The Empire of Japan had spent a lot of money and blood to expand into China, Korea, and greater Southeast Asia, and by 1938, the U.S. had stopped shipping them war materiel in protest. The Japanese supply situation was untenable at best, and was made unavoidably bad in July 1941, when the U.S. finally cut Japan off from all trade, including its oil exports.

This presented Japan with a looming crisis: They risked running out of fuel for their army, navy, and air forces if nothing changed.

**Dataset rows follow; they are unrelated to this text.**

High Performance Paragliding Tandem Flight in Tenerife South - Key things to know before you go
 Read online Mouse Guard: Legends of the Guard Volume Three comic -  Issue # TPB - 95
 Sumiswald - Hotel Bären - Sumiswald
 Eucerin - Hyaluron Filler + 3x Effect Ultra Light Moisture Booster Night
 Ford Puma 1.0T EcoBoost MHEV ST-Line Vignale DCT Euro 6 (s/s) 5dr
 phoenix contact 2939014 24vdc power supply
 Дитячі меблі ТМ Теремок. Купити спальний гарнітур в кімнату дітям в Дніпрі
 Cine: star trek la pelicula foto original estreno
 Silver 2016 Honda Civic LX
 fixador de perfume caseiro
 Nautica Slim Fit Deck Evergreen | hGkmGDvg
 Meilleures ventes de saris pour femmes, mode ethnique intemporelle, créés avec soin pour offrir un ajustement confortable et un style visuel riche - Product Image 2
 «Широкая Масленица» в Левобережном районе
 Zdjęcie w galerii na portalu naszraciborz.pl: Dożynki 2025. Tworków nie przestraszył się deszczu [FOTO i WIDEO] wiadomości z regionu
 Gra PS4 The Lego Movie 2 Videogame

After years of success on the battlefield, negotiating away their territorial gains was not something they wanted to do.

With the lack of raw materials suddenly becoming a major obstacle, Imperial Japan determined they had only one option if they intended to continue their goal of becoming the dominant force in Asia: take the Dutch East Indies, and secure their oil production facilities to ensure their continued military operations.

Negotiations were doomed from the start, in no small part due to the fact that the Japanese military had always answered to itself a lot more often than it did civilian authorities or even the Emperor, and the military was interested in conquest, not discussion.

In some instances, even when the civilian government would be agreeable to some concessions, the military refused, and would simply continue operations as normal, or even escalate things.

Offers were made and rejected throughout 1941, culminating in a Japanese final offer to withdraw from S.E. Asia, in return for millions of gallons of fuel, sent on November 20, 1941. Six days later (one day before the American counteroffer was actually presented the Japanese Ambassador); the Japanese naval force tasked with attacking Pearl Harbor left for Hawaii.

Why Pearl Harbor?

The U.S. Pacific Fleet was stationed there, and its eight battleships were the primary target. By day’s end, four of those were sunk, and the other four were damaged. Taking out these core vessels of U.S. naval force projection was meant to ensure that the Japanese could secure the oil and other resources they needed in Asia to continue their war effort unmolested by U.S. military intervention.

Fortunately, the entirety of the Pacific Fleet’s carrier force was out at sea on maneuvers that morning and escaped the attack completely unscathed. This happy accident would have unforeseen consequences.

The Aftermath

While battleships had been seen up until then as the most vital element of a naval force, with half of them gone, and the other half out of action, aircraft carriers were pressed into this role, and were soon recognized as the modern successor to battleships.

It was something that had been proposed as an eventual change by some forward-thinking naval strategists, but suddenly, any resistance to the idea was gone, along with many of the battleships.

Naval aircraft, as they rapidly proved, could do more damage, faster, and from longer range than any big cannon, and while the loss of so many men and such massive ships were tragic, they forced the U.S. Navy to adapt and overcome, and eventually develop the basis for the tactics our Navy still uses today.

The Legacy

Pearl Harbor was a Japanese victory, but it was also the moment that Japan’s defeat was secured. Despite U.S. casualties resulting in 3,478 servicemen and another 103 civilians killed or wounded, numerous ships sunk and 16 damaged, and hundreds of aircraft damaged or destroyed, the Japanese had ensured that the sun rising on their flag would set forever on Imperial Japan within four years.

They had awoken a sleeping giant, who was until then content to attempt to manage Japan’s expansionist military ambitions from afar through diplomatic channels and trade negotiations. The loss of U.S. oil pushed them into a perceived corner, but the Empire of Japan still chose war over diplomacy. That choice was expensive, leading to their eventual defeat after a long and devastating war.